If your Perl programs themselves are the child processes becoming zombies, that means their parents (the ones that are forking-and-forgetting your code) need to clean up after themselves. A process cannot stop itself from becoming a zombie.
I just saw your comment that you are running Apache 1.3 and that may be associated with your problem.
SSI's can run CGI's. But CGI scripts that generate SSI's will not have those SSI's handled. The evaluation of SSI's happens before the running of CGI's in the Apache 1.3 request cycle. This was fixed with Apache 2.0 and later so that CGI's can generate SSI commands.
As I'd suggested above, try running your scripts on their own and have a look at the output. Are they generating SSI's?
Edit: Have you tried launching a trivial Perl CGI script to simply printout a Hello World type HTTP response?
Then if this works add a trivial SSI directives such as
<!--#printenv -->
and see what happens.
Edit 2: Just realised what is probably happening. Zombies occur when a child process exits and isn't reaped. These processes are hanging around and slowly using up resources within the process table. A process without a parent is an orphaned process.

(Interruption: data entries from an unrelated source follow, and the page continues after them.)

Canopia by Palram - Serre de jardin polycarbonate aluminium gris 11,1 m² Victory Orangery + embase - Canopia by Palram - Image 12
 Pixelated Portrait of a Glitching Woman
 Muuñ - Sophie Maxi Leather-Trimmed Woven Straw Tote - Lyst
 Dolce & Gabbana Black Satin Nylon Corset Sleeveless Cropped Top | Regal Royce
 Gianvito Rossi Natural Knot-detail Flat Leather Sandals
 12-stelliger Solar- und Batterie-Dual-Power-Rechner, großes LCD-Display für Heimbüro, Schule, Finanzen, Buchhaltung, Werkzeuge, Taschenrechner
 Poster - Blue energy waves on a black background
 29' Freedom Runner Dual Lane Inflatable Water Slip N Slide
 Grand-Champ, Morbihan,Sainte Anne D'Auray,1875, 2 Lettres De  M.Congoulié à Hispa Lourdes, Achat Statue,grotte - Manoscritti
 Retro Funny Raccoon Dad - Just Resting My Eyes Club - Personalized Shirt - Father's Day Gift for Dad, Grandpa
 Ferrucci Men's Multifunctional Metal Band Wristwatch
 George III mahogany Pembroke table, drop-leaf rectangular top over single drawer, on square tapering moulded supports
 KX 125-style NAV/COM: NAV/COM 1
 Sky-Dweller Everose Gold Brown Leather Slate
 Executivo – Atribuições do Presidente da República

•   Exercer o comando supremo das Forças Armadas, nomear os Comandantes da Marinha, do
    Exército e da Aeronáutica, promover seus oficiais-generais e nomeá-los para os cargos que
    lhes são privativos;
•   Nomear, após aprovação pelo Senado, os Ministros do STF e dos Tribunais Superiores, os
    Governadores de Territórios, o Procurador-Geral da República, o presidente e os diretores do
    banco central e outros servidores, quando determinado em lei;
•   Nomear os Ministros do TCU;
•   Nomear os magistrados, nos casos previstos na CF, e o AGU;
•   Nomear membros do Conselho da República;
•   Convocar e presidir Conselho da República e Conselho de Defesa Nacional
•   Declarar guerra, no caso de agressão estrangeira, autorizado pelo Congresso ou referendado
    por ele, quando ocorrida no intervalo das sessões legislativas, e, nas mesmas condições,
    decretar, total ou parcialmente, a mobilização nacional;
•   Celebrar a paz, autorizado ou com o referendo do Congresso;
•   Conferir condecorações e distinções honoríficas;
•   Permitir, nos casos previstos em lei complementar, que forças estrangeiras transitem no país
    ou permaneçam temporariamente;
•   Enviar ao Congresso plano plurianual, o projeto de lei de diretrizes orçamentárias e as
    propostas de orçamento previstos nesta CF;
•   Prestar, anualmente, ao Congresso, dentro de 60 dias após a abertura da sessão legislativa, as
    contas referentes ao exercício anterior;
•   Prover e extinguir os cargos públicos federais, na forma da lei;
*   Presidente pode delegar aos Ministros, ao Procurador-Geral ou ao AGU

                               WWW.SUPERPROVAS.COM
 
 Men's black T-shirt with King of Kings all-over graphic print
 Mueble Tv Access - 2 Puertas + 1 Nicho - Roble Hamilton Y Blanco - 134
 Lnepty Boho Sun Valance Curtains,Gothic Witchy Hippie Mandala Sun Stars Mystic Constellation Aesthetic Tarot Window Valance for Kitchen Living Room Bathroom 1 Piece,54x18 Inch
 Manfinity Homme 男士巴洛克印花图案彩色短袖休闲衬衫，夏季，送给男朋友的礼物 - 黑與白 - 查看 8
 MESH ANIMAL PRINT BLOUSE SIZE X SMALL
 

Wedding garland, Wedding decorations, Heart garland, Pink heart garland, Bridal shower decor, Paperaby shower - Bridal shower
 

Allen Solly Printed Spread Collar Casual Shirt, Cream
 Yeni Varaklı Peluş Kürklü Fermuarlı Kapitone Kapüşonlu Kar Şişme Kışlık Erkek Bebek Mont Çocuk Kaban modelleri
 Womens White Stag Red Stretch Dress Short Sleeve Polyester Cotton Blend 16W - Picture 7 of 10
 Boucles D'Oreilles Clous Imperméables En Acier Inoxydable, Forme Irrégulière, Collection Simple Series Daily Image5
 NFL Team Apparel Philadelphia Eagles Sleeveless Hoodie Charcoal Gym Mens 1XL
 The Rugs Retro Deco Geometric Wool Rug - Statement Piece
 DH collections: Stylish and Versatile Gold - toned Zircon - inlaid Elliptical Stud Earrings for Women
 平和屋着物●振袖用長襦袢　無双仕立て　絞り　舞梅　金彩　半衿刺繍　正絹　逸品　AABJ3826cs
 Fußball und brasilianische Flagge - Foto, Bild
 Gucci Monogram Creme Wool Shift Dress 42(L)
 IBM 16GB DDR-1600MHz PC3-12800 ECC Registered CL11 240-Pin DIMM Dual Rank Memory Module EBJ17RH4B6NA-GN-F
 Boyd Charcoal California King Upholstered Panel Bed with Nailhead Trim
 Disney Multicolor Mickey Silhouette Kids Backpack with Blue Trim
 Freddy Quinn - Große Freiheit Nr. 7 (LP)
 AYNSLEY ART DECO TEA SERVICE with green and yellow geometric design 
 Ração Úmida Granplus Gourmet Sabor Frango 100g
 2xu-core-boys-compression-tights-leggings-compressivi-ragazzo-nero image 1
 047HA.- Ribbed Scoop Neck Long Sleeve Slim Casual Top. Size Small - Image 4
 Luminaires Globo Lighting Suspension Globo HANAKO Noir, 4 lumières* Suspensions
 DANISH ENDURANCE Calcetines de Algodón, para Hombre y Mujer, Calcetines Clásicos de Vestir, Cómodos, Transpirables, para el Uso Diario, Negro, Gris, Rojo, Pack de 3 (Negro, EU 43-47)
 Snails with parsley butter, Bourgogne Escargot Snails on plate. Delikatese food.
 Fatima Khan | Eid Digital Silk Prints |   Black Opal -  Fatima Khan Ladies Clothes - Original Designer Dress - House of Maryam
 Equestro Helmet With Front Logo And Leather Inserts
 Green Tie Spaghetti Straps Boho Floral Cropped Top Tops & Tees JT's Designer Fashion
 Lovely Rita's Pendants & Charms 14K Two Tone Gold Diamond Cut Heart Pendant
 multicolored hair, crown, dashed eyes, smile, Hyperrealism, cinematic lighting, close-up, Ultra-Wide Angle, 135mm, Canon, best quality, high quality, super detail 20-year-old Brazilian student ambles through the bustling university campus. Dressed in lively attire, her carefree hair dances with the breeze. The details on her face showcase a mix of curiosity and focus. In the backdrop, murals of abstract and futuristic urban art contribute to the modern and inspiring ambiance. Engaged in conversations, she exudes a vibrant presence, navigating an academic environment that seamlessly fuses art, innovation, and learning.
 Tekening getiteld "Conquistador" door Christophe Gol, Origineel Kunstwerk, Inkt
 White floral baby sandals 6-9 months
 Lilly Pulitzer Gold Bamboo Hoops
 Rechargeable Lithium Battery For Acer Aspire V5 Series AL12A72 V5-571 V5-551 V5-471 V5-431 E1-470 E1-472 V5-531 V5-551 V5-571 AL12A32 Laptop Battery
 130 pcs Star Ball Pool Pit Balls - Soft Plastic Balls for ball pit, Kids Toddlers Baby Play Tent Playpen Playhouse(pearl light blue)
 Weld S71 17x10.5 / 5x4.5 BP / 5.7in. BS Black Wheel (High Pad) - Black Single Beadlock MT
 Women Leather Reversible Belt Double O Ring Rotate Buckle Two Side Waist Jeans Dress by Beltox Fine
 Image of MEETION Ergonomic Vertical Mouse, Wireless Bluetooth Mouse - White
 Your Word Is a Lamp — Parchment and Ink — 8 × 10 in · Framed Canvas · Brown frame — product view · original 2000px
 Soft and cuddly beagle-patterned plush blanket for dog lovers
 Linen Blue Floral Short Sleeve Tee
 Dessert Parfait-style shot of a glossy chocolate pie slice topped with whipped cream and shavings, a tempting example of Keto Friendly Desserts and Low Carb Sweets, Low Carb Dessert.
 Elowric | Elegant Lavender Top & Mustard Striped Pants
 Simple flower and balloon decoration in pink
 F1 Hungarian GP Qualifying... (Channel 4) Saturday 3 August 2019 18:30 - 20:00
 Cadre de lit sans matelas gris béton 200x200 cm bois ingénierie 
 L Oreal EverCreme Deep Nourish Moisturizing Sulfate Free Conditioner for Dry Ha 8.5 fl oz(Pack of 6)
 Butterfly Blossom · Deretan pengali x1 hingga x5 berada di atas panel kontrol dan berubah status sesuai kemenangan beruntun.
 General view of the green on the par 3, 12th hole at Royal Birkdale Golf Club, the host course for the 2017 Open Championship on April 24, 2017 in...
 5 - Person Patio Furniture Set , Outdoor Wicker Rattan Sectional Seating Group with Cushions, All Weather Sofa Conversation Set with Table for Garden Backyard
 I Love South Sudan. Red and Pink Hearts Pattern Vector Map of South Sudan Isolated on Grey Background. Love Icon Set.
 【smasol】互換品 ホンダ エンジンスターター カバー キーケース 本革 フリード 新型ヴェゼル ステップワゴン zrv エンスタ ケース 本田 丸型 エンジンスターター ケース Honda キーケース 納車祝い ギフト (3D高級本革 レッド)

Are you forking off processes within your Perl script? If so, have you added a waitpid() call to the parent?
Have you also got the correct exit within the script?
CORE::exit(0);
As you have all the bits yourself, I'd suggest running the individual scripts one at a time from the command line to see if you can spot the ones that are hanging.
Does a ps listing show an inordinate number of instances of one particular script running?
Are you running the CGI's using mod_perl?
Edit: Just saw your comments regarding SSI's. Don't forget that SSI directives can run Perl scripts themselves. Have a look to see what the CGI's are trying to run?
Are they dependent on yet another server or service?